> EXERCISE DESCRIPTION
Find and copy each line of the data that includes "with".

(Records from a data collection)
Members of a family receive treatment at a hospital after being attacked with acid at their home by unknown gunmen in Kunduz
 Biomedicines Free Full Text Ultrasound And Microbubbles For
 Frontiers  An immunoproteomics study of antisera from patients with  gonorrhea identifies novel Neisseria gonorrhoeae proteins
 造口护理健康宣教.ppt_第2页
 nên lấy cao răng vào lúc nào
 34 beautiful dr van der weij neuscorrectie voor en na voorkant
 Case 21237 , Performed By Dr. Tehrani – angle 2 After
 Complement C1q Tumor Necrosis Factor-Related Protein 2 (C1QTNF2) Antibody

> REPLY
Members of a family receive treatment at a hospital after being attacked with acid at their home by unknown gunmen in Kunduz
 Frontiers  An immunoproteomics study of antisera from patients with  gonorrhea identifies novel Neisseria gonorrhoeae proteins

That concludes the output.